The expiration of the trade treaty between the United States and Japan has caused Japan to seek new sources of supply for goods formerly purchased in the United States and she is now making an effort to conclude a large contract for Mexican oil.
First Battle of Wuyuan: The Japanese 26th Division drives back Chinese 8th War Area forces and captures Linhe, Suiyuan Province, China.
Battle of South Kwangsi: Japanese forces capture Shanglin and are attacking Wuning.
Chinese 64th Army is counterattacking around Pinyang.
Chinese counterattack captures Yungshun, threatening to cut off Japanese spearheads from base at Nanning.
Born:
George A. Romero, filmmaker (“Night of the Living Dead”), in the Bronx, New York, New York (d. 2017).
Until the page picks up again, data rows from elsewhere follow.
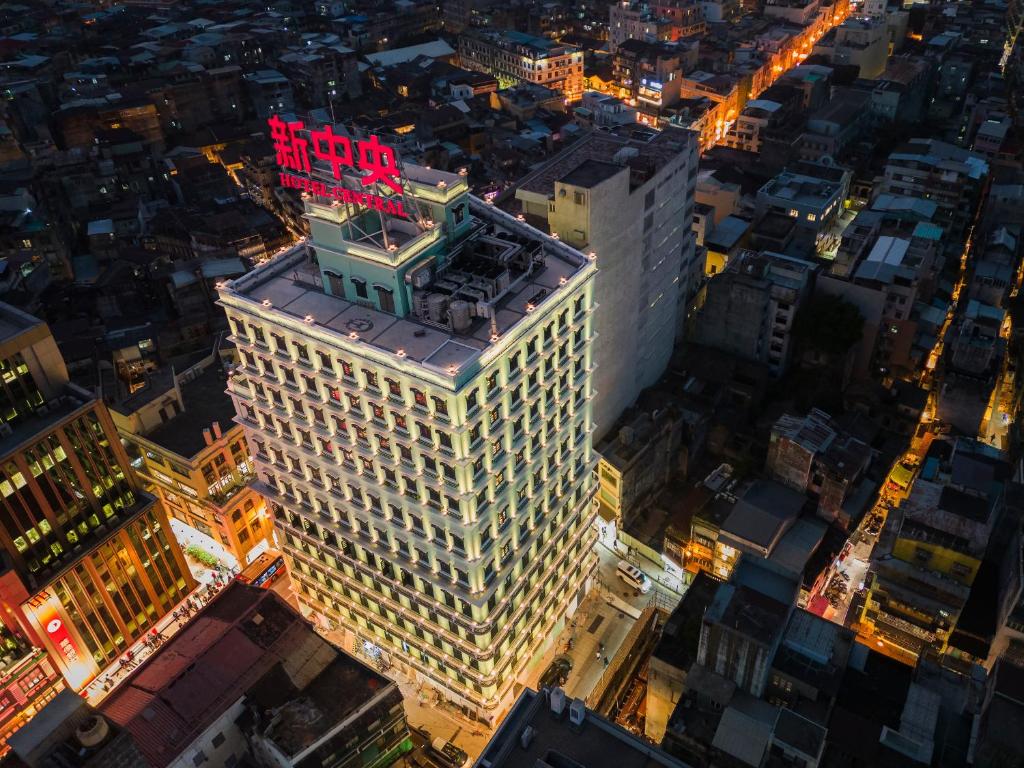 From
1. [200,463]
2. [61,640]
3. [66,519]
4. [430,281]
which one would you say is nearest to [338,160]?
[430,281]

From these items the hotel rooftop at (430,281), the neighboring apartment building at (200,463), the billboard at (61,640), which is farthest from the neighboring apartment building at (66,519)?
the hotel rooftop at (430,281)

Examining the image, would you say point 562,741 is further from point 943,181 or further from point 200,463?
point 943,181

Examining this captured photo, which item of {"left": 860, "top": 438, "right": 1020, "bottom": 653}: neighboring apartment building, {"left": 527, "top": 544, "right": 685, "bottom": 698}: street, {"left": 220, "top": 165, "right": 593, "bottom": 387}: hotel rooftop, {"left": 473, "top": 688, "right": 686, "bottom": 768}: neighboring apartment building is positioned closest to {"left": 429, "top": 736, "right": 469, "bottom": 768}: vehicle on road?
{"left": 527, "top": 544, "right": 685, "bottom": 698}: street

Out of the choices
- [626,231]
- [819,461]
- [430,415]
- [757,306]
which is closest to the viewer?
[430,415]

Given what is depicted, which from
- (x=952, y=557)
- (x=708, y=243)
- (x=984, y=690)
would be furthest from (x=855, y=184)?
(x=984, y=690)

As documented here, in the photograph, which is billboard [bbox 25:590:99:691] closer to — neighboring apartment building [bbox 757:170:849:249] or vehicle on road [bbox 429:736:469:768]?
vehicle on road [bbox 429:736:469:768]

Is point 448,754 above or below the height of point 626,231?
below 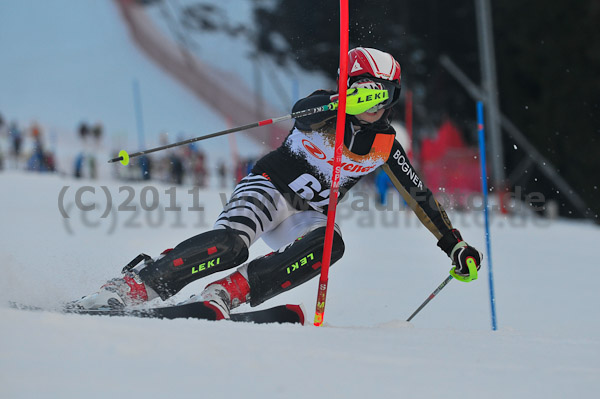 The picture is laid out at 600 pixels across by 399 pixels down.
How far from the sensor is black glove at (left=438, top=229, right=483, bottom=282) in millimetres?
3816

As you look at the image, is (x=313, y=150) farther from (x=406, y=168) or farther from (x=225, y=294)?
(x=225, y=294)

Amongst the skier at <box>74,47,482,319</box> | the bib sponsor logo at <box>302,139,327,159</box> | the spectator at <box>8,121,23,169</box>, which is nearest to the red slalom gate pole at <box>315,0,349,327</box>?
the skier at <box>74,47,482,319</box>

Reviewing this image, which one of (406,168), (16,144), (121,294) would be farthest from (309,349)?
(16,144)

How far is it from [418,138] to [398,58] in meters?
14.9

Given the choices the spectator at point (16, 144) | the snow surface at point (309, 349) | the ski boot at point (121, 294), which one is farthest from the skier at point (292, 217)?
the spectator at point (16, 144)

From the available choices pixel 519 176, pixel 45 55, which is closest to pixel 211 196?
pixel 519 176

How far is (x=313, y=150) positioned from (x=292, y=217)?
37cm

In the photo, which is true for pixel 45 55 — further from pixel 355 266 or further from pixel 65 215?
pixel 355 266

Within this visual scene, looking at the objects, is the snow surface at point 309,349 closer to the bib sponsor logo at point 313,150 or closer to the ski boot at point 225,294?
the ski boot at point 225,294

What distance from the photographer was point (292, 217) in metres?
3.93

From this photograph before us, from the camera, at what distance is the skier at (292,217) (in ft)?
11.4

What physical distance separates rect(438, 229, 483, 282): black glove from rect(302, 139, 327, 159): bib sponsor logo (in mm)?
794

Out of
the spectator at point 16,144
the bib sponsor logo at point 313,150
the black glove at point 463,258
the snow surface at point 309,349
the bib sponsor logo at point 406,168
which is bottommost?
the snow surface at point 309,349

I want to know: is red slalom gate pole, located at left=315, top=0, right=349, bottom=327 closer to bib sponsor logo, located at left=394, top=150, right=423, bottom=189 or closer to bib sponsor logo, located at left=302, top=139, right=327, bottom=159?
bib sponsor logo, located at left=302, top=139, right=327, bottom=159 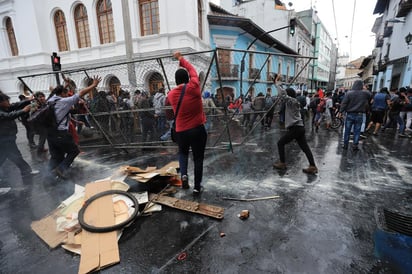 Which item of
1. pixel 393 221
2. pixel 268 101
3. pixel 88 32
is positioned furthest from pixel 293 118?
pixel 88 32

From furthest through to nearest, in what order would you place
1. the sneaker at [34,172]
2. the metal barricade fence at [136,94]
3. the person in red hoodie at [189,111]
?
1. the metal barricade fence at [136,94]
2. the sneaker at [34,172]
3. the person in red hoodie at [189,111]

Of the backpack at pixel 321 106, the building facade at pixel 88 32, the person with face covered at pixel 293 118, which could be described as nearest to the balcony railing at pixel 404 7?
the backpack at pixel 321 106

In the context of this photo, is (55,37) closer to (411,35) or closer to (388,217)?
(388,217)

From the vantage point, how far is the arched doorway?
5.12 metres

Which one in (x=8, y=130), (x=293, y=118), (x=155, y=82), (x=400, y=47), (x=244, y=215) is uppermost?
(x=400, y=47)

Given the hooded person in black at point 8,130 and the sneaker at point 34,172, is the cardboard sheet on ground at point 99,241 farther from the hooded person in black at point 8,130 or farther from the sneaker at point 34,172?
the sneaker at point 34,172

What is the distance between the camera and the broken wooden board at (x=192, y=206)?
2.65 m

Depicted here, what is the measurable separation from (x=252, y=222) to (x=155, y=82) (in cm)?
418

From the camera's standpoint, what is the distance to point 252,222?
2.51 meters

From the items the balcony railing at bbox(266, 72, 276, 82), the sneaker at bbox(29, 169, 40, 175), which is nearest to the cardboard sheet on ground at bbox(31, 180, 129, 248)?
the sneaker at bbox(29, 169, 40, 175)

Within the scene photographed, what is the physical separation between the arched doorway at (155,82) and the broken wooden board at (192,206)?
3.04 metres

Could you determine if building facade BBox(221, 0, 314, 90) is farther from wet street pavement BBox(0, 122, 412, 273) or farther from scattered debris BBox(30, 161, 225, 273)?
scattered debris BBox(30, 161, 225, 273)

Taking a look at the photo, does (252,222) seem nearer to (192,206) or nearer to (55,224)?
(192,206)

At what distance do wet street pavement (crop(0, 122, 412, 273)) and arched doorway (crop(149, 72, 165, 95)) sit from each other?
Result: 1.88m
John Schuck, American actor (“McMillan & Wife”, “Holmes & Yoyo”), in Boston, Massachusetts.
Billy Neighbors, AFL guard (AFL All-Star, 1963; Boston Patriots, Miami Dolphins), in Tuscaloosa, Alabama (d. 2012).
Gary Cutsinger, AFL defensive end (Houston Oilers), in Perry, Oklahoma.
Jerry Inman, AFL-NFL defensive tackle (Denver Broncos), in Manhattan, Kansas.
Nick DeFelice, AFL tackle (New York Jets), in Derby, Connecticut.
Martin Jones, British concert pianist, in Witney, England, United Kingdom.
Theodore “Ted” Stanley, American anesthesiologist and medical entrepreneur (created the fentanyl lollipop), in Manhattan, New York, New York (d. 2017).
Died:
Nikolai Yezhov, 44, Soviet secret police official, head of the NKVD from 1936 to 1938, during the height of the Great Purge (executed during continuing purge).
Samuel M. Vauclain, 83, American engineer and inventor.